Conformal prediction based active learning
Date
2019
Authors
Journal Title
Journal ISSN
Volume Title
Publisher
University of Delaware
Abstract
Conformal prediction uses the degree of strangeness (nonconformity) of new data instances to determine the confidence values of new predictions. Conformal predictors are implemented in conjunction with traditional pattern classification algorithms yielding a set of predicted class labels with guaranteed error rate, a property referred to as validity. Different from Bayesian methods, which require prior knowledge of the distribution that generates the data, conformal prediction is only based on the assumption that the data are independent and identically distributed. ☐ Conformal prediction has been shown to improve the performance of pattern classification algorithms, including support vector machines and neural networks, through active learning.
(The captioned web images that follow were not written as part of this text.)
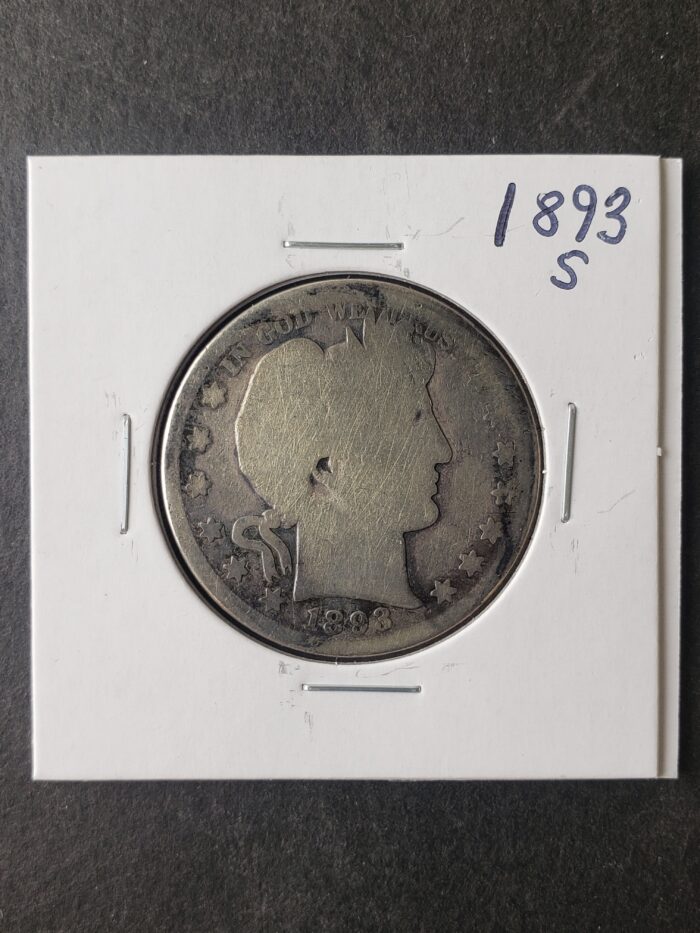 1893 S 50c Barber Silver Half Dollar
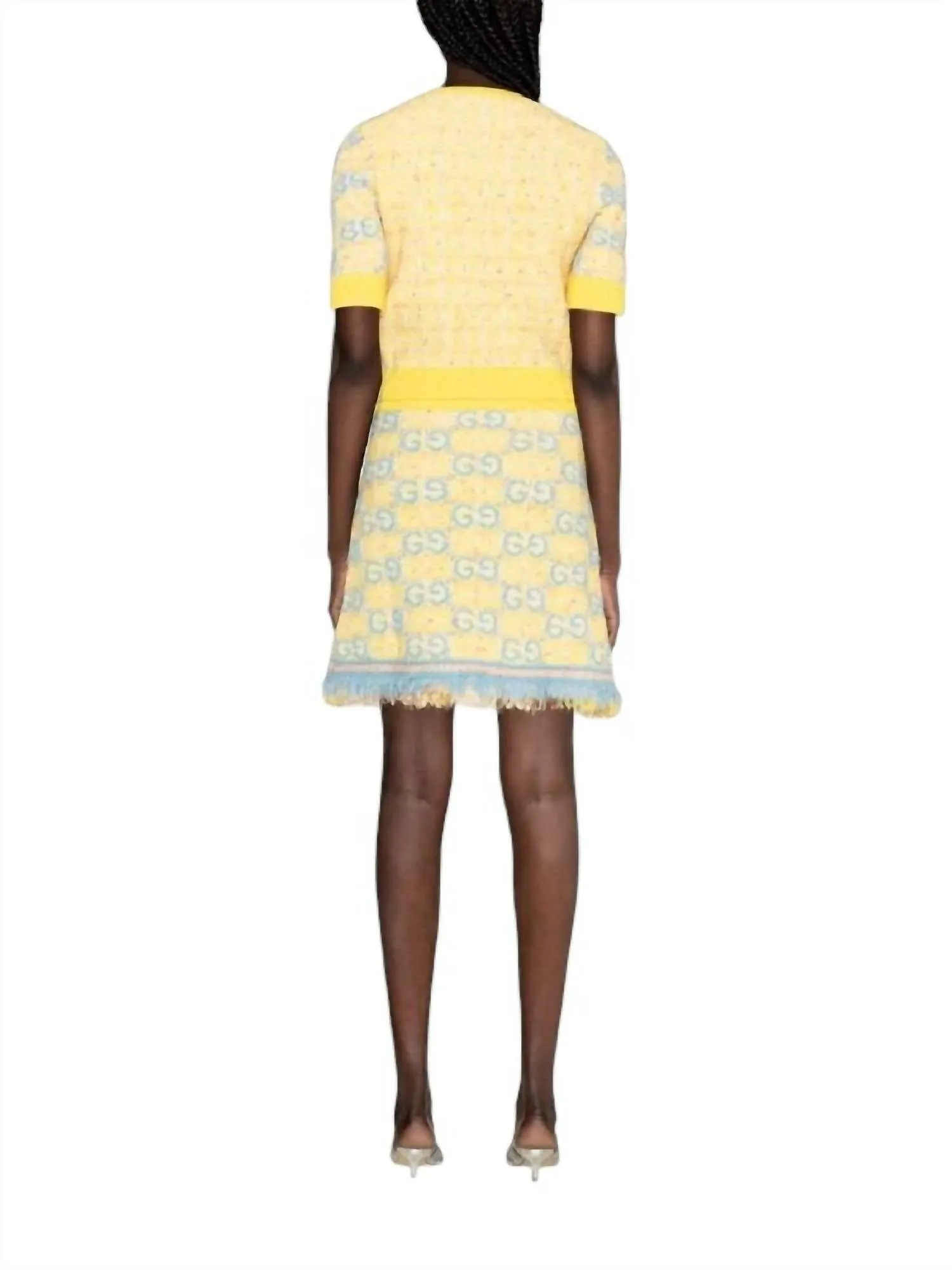 Boucle Mini Skirt In Yellow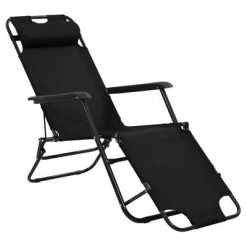VidaXL Chaises longues pliables 2 pcs avec repose-pied Acier Noir 10 VidaXL Chaises longues pliables 2 pcs avec repose-pied Acier Noir -Bains de soleil Soldes image 3 44343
Instances are selected based on their level of uncertainty, instead of being selected at random from an unlabeled pool. Moreover, the quality of the confidence values produced by conformal prediction has been demonstrated in the literature through experimentation, verifying the validity property. ☐ Despite these advances, previous work on conformal prediction considers only uncertainty as the selection criterion for active learning. Selecting a batch of m>1 instances based only on uncertainty may result in the selection of similar instances that do not provide additional information. Moreover, outlier detection is crucial to avoid the selection of instances that are not representative of the data. ☐ In light of the above, we propose novel active learning approaches, within the conformal prediction framework, considering uncertainty, diversity, and representativeness, as the selection criteria. Diversity is used to avoid the selection of similar instances, whereas representativeness is used for outlier detection. This work focuses on the application of conformal prediction to image classification. Experiments conducted on face, object, and emotion recognition databases demonstrate that the proposed active learning approaches improve the performance of a variety of pattern classification algorithms while producing reliable confidence values.